Efficiency of code for Sudoku question

Edit: I originally asked about the performance of my code to go along with the topic, but it seems it doesn't even fully work for all cases. I'll leave the topic, since it still stands as something worthwhile. My code is listed below where others have commented on it.

Peter's answer is long, and maybe hard to understand, but it goes through the rows and columns at the same time. I'm assuming that makes it faster and more efficient, since it loops through rows and columns separately.

It would be great if someone was willing to benchmark all the code posted by everyone so far to see whose was most efficient.

Kilby Sanchez
4921916

accept rate: 0%

Does your code work? It looks like it fails on cases such as

[[1, 2, 3, 4], [1, 2, 3, 4], [4, 3, 2, 1], [4, 3, 2, 1]]


and

[[1, 2, -1, 4], [2, 3, 4, 1], [3, 4, 1, 2], [4, 1, 2, 3]]

(15 Mar '12, 22:00)

My code, which is what fnenu is referring to:

def check_sudoku(s_list):
count = 0
for i in s_list:
for k in i:
if i[count] == k and i.index(k) != count or k > len(s_list):
return False
count += 1
count = 0
for i in s_list:
for k in s_list:
if i[count] == k[count] and i != k:
return False
count += 1
return True

(16 Mar '12, 00:48)

One way to measure the "efficiency" of Peter's solution is to count how many times each Sudoku square is visited. His solution starts with digit at 1 and counts how often it appears in column 1, then row 1 (it should be once each), then in column 2 and row 2 (again, once each). However, it should be just as efficient (though slightly longer in terms of writing code) if he visited each row first, then each column afterwards. Interleaving rows and columns doesn't make it more efficient.

To see this, imagine if you have a class of 25 students, seated in 5 rows with 5 columns. You say the name of each student, row by row, then column by column. Each student's name is called out twice, once as everyone's name is read row by row, and once again as it's being read column by column. Even if you alternated reading row 1, then column 1, then row 2, and column 2, you'd agree that each row is read once, and each column is read once, and so each name is read twice.

Since there are N * N squares and each are read twice, then there's 2 * N * N squares looked at for each digit.

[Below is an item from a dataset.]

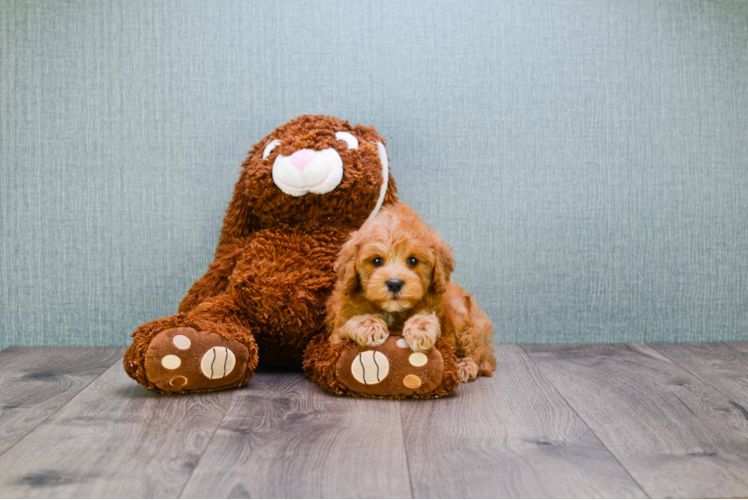 Sweet Cavapoo Baby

There are N digits, so the efficiency is 2 * N * N * N. In algorithms, this is said to be O(N^3). Constants like 2 are generally ignored.

Your code take a different approach. You are essentially checking for duplicates. In your first loop, you take a row and set count to the 0th element of that row, then search through the rest of the list to see if there's a match. However, you know k might be the same position of as row[count] (you call it i[count]), so you exclude it, and you double check that the number is not bigger than N. You should also check that the number is not less than 1.

Why? Take any valid solution of Sudoku. Negate all the numbers. This is no longer valid (since numbers must be between 1 and N). Yours would (in theory) say it's valid because all you're doing is checking for duplicates and there won't be any.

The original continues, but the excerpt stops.